Rivera was unable to pinpoint one specific reason when asked about McLaurin's lack of usage recently, saying Washington's quarterbacks would have a better answer.
"That in all honesty, you would have to ask the quarterbacks," Rivera said. "Because, again, you gotta understand every one of our routes, all of our offensive plays, all have specific starting points based on what the quarterbacks see."
Over the past three weeks, McLaurin has been targeted a total of just 12 times. He was held without a catch for the first time in his career in Week 14 against Dallas after being forced to leave the game early with a concussion. In total, McLaurin has registered just 73 yards during that three-week span and has not scored a touchdown over the past four games.
McLaurin has been Washington's clear-cut No. 1 receiver since his NFL debut. Even with additions to the receiver room this offseason, none of the Burgundy and Gold's other pass-catchers are capable of impacting a game the way McLaurin is. And, as a result, McLaurin has seen defenses constantly double- and triple-cover him over the past three seasons.
Tuesday's game against the Eagles was no different, as McLaurin was shadowed by Philadelphia's top cornerback Darius Slay.
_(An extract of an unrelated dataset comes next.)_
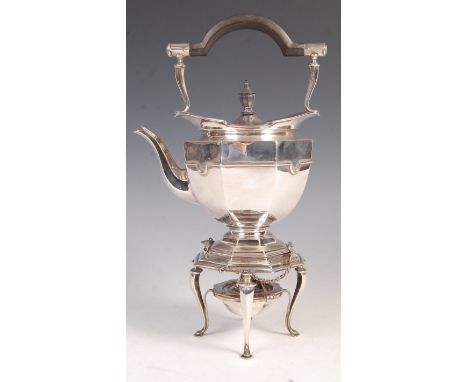 An early 20th Century hallmarked silver spirit kettle by Roberts &amp; Belk. Raised on four cabriole legs with burner to lowe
McLaurin got the better of Slay early, as he dusted past him for a 46-yard catch in the first quarter that ultimately led to a field goal.
"I just kind of lulled them to sleep a little bit and then just burst by him and Garrett [Gilbert] just did a good job of giving me a chance to make a play on the ball and I was able to come down with it," McLaurin said on that play. "So, it’s really cool to be able to connect down the field. ... I think that was a big play for us."
Yet, after that play, McLaurin was targeted just three more times throughout the evening. Two of those attempts came on deep passes similar to the one No. 17 was able to haul in early on, but they both were underthrown and pretty much uncatchable.
Although Washington was unable to connect on those deep shots, McLaurin thinks offensive coordinator Scott Turner needs to continue dialing them up and giving him chances to make a play.
"I think that’s something if we want to continue to take more steps, we have to continue to take those shots downfield and connect on them," McLaurin said.
McLaurin's situation isn't unique. There are several teams across the league that have one receiver that is a lot more talented than the rest.
What many of those teams with elite wideouts do, though, is force the ball to their top receiver. How? By creating formulations, using pre-snap motion and coming up with play calls that allow the quarterback to easily have a throwing lane to put the ball in his best receiver's hands.
Simply put, that's something Washington has not done much with McLaurin as of late. While Rivera feels the offense at times should force the ball to McLaurin, he understands why at some points Washington's quarterbacks don't want to do just that.
"If the quarterback sees something that he doesn't like, he's not gonna try and force it," Rivera said. "He's gonna try and do what's best."
McLaurin's success has translated to team success, too. The 26-year-old has topped 100 yards four times this year. Washington has won three of those games. In Washington's eight losses, only one time has McLaurin finished with more than 65 yards.
As of now, based on Rivera's comments, it doesn't seem like Washington is going to change its offensive approach to specifically focus on McLaurin getting the football more. But that needs to change, especially if Washington has any hope of making a playoff push this season.